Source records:
--- START ---
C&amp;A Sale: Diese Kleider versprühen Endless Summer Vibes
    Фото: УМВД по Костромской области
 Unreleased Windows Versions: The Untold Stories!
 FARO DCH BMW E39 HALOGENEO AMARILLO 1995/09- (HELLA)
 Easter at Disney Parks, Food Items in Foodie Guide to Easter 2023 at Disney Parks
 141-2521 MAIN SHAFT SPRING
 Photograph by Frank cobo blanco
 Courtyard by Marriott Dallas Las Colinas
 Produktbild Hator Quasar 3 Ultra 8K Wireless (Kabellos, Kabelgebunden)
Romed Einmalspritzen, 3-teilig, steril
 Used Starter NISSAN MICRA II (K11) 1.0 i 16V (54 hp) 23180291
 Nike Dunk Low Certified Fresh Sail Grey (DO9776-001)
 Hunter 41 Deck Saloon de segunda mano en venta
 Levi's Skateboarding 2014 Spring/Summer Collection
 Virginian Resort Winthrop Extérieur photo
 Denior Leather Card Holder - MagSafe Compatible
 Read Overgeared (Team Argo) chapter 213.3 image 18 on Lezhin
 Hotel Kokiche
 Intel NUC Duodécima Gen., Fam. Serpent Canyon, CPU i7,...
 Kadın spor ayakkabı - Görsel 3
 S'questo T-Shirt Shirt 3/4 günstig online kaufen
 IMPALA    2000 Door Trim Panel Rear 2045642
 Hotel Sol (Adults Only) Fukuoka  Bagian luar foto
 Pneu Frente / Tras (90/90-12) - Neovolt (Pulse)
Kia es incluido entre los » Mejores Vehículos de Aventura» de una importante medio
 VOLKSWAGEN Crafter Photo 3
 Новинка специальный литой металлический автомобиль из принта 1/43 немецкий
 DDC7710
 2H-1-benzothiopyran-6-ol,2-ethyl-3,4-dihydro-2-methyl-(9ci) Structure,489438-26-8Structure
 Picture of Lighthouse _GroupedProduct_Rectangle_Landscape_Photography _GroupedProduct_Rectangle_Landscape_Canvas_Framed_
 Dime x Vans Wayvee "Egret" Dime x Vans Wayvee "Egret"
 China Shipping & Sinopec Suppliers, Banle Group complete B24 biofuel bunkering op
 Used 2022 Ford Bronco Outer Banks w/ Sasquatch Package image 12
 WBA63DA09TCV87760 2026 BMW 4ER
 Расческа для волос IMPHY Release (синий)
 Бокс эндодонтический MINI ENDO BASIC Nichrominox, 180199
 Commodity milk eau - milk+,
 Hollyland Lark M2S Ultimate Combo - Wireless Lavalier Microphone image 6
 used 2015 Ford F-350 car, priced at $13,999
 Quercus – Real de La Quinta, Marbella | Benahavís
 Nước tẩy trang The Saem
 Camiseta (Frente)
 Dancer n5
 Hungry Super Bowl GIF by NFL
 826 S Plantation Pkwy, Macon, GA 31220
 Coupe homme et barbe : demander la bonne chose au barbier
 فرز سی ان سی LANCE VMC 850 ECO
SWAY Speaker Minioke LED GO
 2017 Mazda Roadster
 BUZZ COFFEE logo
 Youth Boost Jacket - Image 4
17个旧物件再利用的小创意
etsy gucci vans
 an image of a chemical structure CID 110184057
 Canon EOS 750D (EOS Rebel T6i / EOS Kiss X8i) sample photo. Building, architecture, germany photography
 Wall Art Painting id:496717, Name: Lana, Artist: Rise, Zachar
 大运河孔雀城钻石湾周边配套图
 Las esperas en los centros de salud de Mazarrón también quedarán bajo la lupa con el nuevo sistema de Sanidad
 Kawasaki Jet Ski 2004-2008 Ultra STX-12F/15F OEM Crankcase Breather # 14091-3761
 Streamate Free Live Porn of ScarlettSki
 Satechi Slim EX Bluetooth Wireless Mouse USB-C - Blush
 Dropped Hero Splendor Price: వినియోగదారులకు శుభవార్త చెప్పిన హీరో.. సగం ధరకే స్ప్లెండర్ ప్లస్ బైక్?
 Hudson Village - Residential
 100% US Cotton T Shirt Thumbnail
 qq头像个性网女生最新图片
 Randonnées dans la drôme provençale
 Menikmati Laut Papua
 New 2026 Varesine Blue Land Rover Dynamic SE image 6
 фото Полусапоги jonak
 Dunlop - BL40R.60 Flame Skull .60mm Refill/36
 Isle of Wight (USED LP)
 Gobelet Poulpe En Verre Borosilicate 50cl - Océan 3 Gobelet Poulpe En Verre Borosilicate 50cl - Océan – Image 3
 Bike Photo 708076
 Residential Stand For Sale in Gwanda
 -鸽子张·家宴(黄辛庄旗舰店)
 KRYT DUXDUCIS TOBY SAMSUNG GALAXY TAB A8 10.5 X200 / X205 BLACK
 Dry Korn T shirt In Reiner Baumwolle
--- END ---
Repeat only what runs from the line holding "Satechi Slim EX" to the end of the data, keeping every line exactly as written, first and last included.

 Satechi Slim EX Bluetooth Wireless Mouse USB-C - Blush
 Dropped Hero Splendor Price: వినియోగదారులకు శుభవార్త చెప్పిన హీరో.. సగం ధరకే స్ప్లెండర్ ప్లస్ బైక్?
 Hudson Village - Residential
 100% US Cotton T Shirt Thumbnail
 qq头像个性网女生最新图片
 Randonnées dans la drôme provençale
 Menikmati Laut Papua
 New 2026 Varesine Blue Land Rover Dynamic SE image 6
 фото Полусапоги jonak
 Dunlop - BL40R.60 Flame Skull .60mm Refill/36
 Isle of Wight (USED LP)
 Gobelet Poulpe En Verre Borosilicate 50cl - Océan 3 Gobelet Poulpe En Verre Borosilicate 50cl - Océan – Image 3
 Bike Photo 708076
 Residential Stand For Sale in Gwanda
 -鸽子张·家宴(黄辛庄旗舰店)
 KRYT DUXDUCIS TOBY SAMSUNG GALAXY TAB A8 10.5 X200 / X205 BLACK
 Dry Korn T shirt In Reiner Baumwolle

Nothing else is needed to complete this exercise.